Tue Nov 24 10:46:08 GMT 2015

David > I'm worried that the scheme you propose could make writing the
transformations sensibly harder. Having the semantical (post-parsing)
representation of the OPAM file is necessary to decide whether/how to
transform, and this could still be done under your scheme, but then
after making a choice you would have to go back to the token
stream. Currently I use the fairly convenient
semantical-representation-update functions provided by the library:

  https://github.com/gasche/opam/blob/2a08373b2fce9de4fad4c3263dc781f6f1c46b11/admin-scripts/add_ocamlbuild_dependency.ml#L289-L291

    let opam = with_depends opam0 (add_ocamlbuild (depends opam0)) in
    if opam = opam0 then opam0
    else with_opam_version opam (OpamVersion.of_string "1.2")

and I'm not eager to move to a FSM design to express these
transforms.
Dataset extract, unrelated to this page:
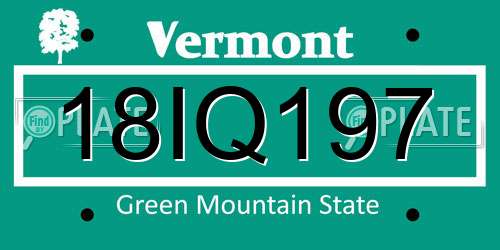 18IQ197 Vermont License Plate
It could be done and I would be curious to see the result,
but myself I would rather aim for a less precise but
easier-to-describe transform, at the risk of losing some token
information.

> Another option would be to implement a format-preserving reprinter
> for bulk updates, that would keep the original fields order, and
> check every field for semantic changes before reprinting (we have
> precise file positions already, so we could extract the raw string
> to reprint when there are no changes).

With this solution, you still lose comments on the modified fields
(we've seen in the examples above that for examples there are comments
inside the depext or depopt fields). The general guarantee you provide
to users is still "best effort, comments may disappear".

> Attaching comments to the AST would be nice and allow to keep them
> even in rewritten fields, but require much more dev time.

I would suggest the following road ahead: encourage people to use
`opam-fmt` starting now, with the recognition that it will erase all
their comments. (They are erased from the opam files that are uploaded
in the opam repository, people are welcome to keep comments in the
opam files used to pin their development repository, which are the
living documents that they actually care about). Then incrementally
work towards a more information-rich parsing of files, with the goal
of eventually being to attach comments to a specific AST node. If your
suggestion above to preserve comments for unchanged toplevel fields is
the first incremental step you can afford to make, let's do it.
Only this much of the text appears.